Picsart Has Developed a New Text-to-Video Generative AI Model

PAIR

Picsart’s artificial intelligence research team (PAIR) has built a new generative model that can create entirely new video content from only text descriptions.

The technology, often described as text-to-video generative artificial intelligence (AI), has been released as an open-source demonstration on Twitter and has been published on GitHub and Hugging Face. The team behind it has also published a research paper describing the methodology.

“Recent text-to-video generation approaches rely on computationally heavy training and require large-scale video datasets. In this paper, we introduce a new task of zero-shot text-to-video generation and propose a low-cost approach (without any training or optimization) by leveraging the power of existing text-to-image synthesis methods (e.g., Stable Diffusion), making them suitable for the video domain,” the researchers explain.

The main problem with text-to-video generative AI right now is that while the general idea of what is being created is consistent, its presentation is not.
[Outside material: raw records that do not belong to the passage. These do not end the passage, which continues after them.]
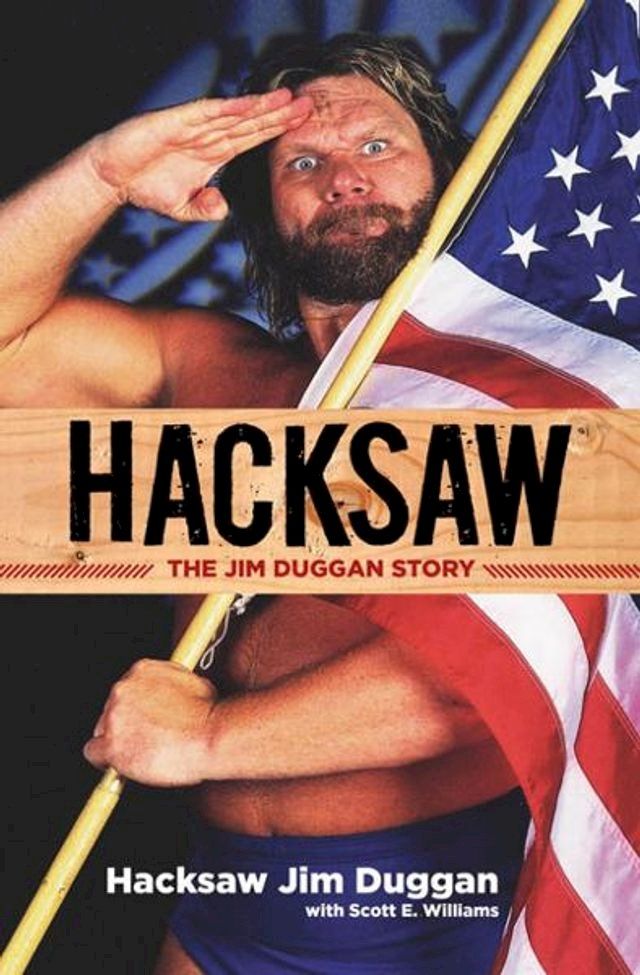  Hacksaw(Kobo/電子書)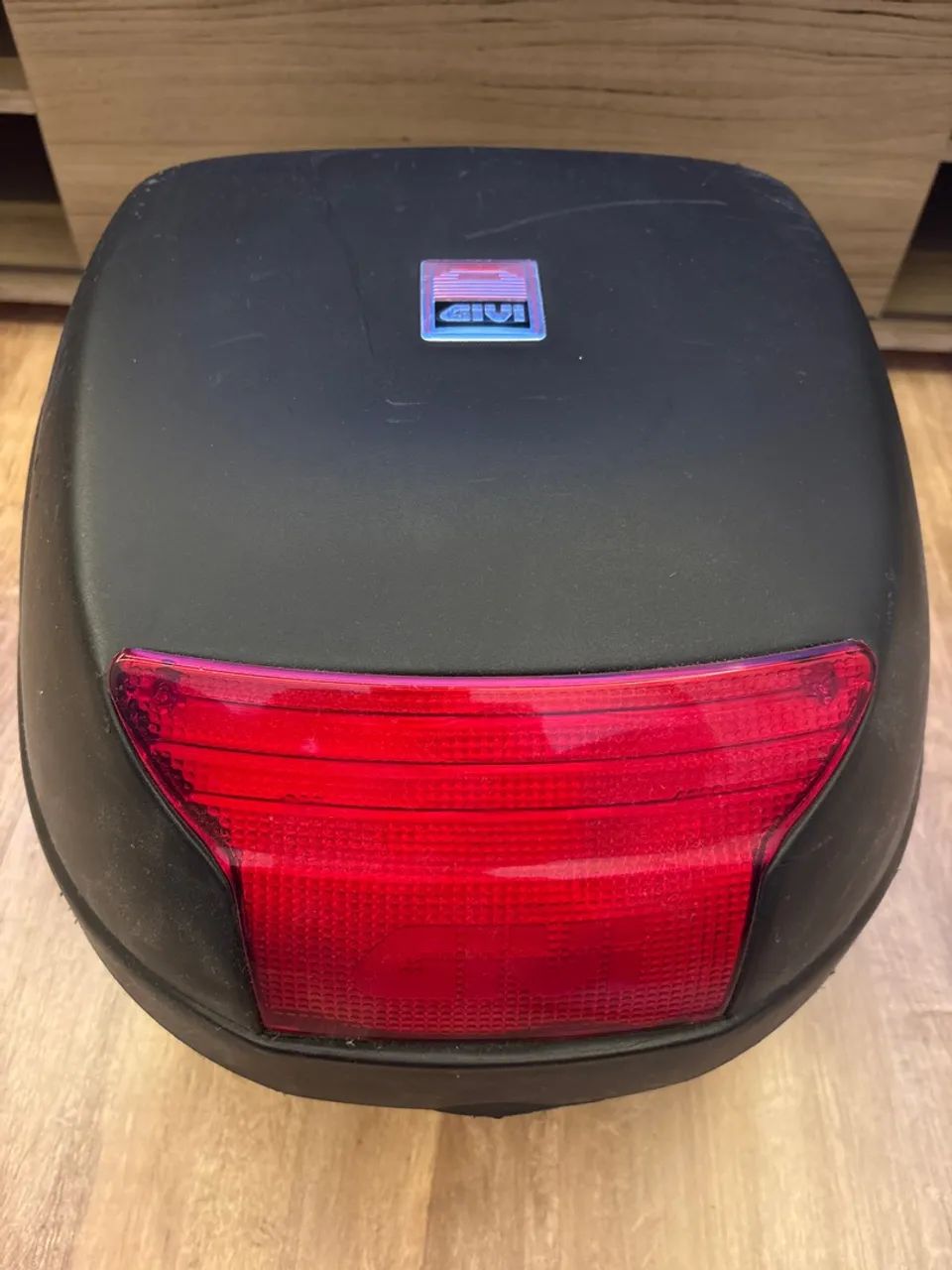 Baú de Moto GIVI (Ótimo Estado)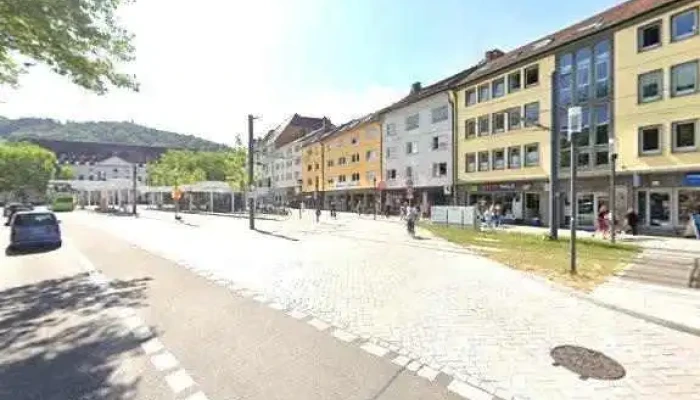 Freiburger Schlusseldienst Sicherheitstechnik Gmbh Street View 360deg Fotos - Freiburg Im Breisgau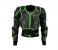 PROFIRST MOTORCYCLE BODY ARMOR (GREEN)

CE Approved New Design Body Armour Protection Jacket
CE Approved hard protection at all major place
Special Back Plated Protection
Shoulder Cups and Straps Protection
Elbow Cups Protection
Forearms Protection
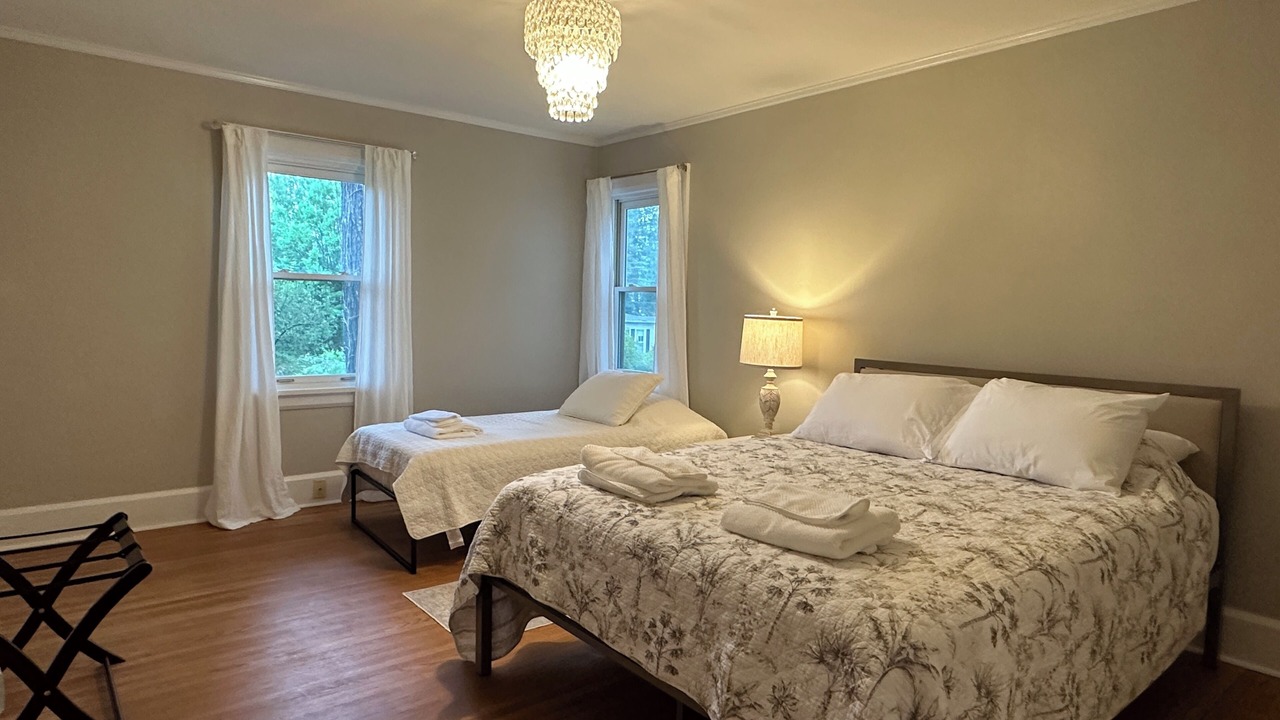 Photo of Bedroom in Warsaw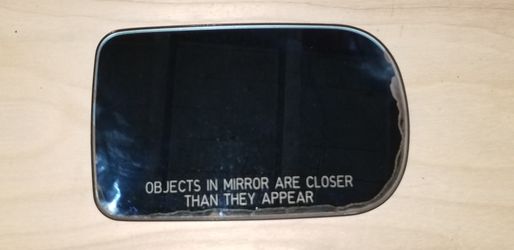Bmw e38 740il heated mirror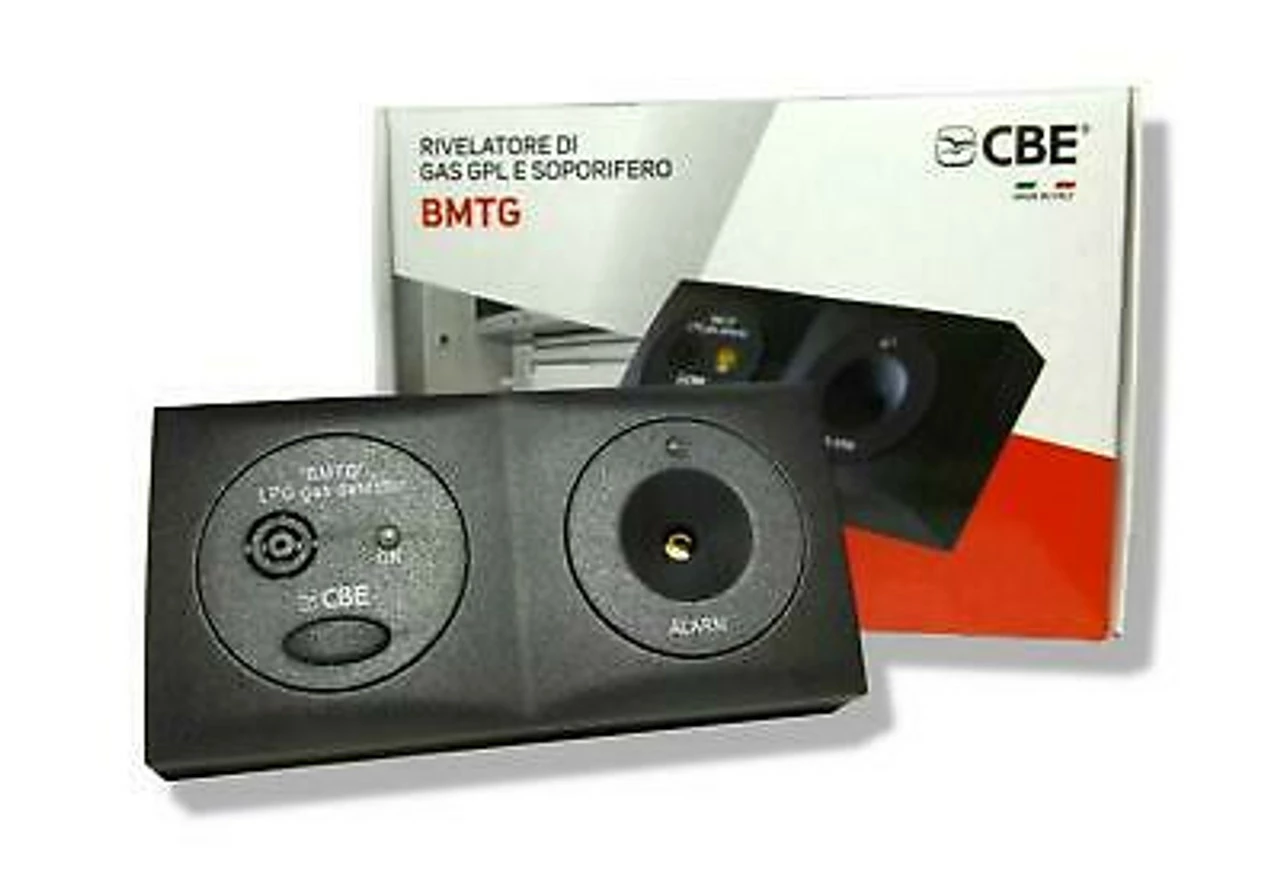 CBE BTMG LPG Soporific Gas Detector 2 CBE BTMG LPG Soporific Gas Detector - Image 2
The main subjects often look slightly different frame to frame and the background is also inconsistent, which makes the finished video look like everything is constantly in motion and it, therefore, lacks realism. The team attempted to combat this.

picsart generative video ai

The researchers explain that their key modification compared to other attempts at text-to-video generation involves “enriching the latent codes of the generated frames with motion dynamics” which allows them to keep the global scene and background time consistent. They also have managed to better preserve the context, appearance, and identity of the foreground subject compared to many other generative video systems.

Picsart generative video AI
“A cute cat running in a beatiful meadow”
Picsart generative video AI
“An astronaut is skiing down the hill”

“Experiments show that this leads to low overhead, yet high-quality and remarkably consistent video generation. Moreover, our approach is not limited to text-to-video synthesis but is also applicable to other tasks such as conditional and content-specialized video generation,” the researchers say.

“As experiments show, our method performs comparably or sometimes better than recent approaches, despite not being trained on additional video data.”

The new generative AI doesn’t just make videos from text descriptions: it can also be used to change the appearance of an existing video, such as the case below where a video of a swan was changed by asking the AI to “make it Van Gogh Starry Night style.”

swan

swan van gogh

Unlike most research projects that can take months or years to be deployed publicly, it won’t be long until the PAIR text-to-video generative AI system becomes customer-facing. Picsart says that it plans to launch new software products that are built on this generative AI’s framework in the coming weeks.

Picsart isn’t the only one who is making progress with text-to-video AI. Google has been developing one, Meta started working on one last fall, and last week Runway published its second-generation text-to-video generator, which was the first to become publicly available.